By  on April 25, 2007

LONDON — Sales at luxury goods group Compagnie Financière Richemont SA rose 12 percent last year to 4.83 billion euros, or $6.2 billion, from 4.31 billion euros, or $5.25 billion, on the back of strong demand in every geographic region except Japan.

The company, whose brand portfolio includes Cartier, Alfred Dunhill, Chloé, Montblanc, Jaeger-LeCoultre and Piaget, released a trading statement Tuesday, and will release full sales and profit figures for the 2007 fiscal year on May 24.

A Richemont spokesman declined to elaborate on Tuesday's statement due to the company's blackout period, which lasts until the full results are released. All figures have been converted from the euro at average exchange rates for the respective periods.

Richemont said sales growth in the full year, which ended March 31, was dented only by exchange rate conversions, and the relative weakness of the dollar and yen.

At constant exchange rates, total sales would have risen 16 percent, and the company would have reported double-digit sales growth in every product category.

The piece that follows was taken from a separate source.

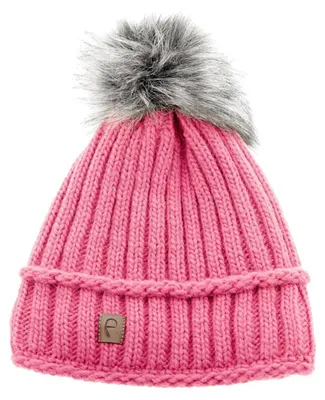 Produktbild von Faera Wintermütze warm gefüttert mit Kunstfell Bommel-Mütze Fleece-Futter Winter Strick-Mütze Beanie-Mütze Damen Herren One-Size  Pink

Cartier, the main sales engine in Richemont's jewelry category, posted double-digit growth in all regions except Japan, where it saw modest growth. The company added that Van Cleef & Arpels also enjoyed "very good growth."

Dunhill reported double-digit sales growth in the Asia-Pacific region, although sales were flat in Japan. Lancel posted double-digit growth, due to the launch of products, the company said. Chloé continued to perform well, with growth of 50 percent in the period, thanks in large part to a beefed-up retail network.

Sales in Europe, which represents 42 percent of Richemont's total, rose 13 percent due in part to the success of Montblanc and specialist watchmakers such as Panerai and A. Lange & Sohne.

Revenue growth in the Asia-Pacific region rose 19 percent at actual rates, thanks to the expanded retail distribution networks of Dunhill and Montblanc in China. Sales in the Americas grew 12 percent in the period at actual exchange rates. At constant rates, sales in the Americas would have risen 18 percent.

Japan, which generates 15 percent of group sales, reported 10 percent revenue growth at constant exchange rates, which shrunk to 1 percent at actual rates.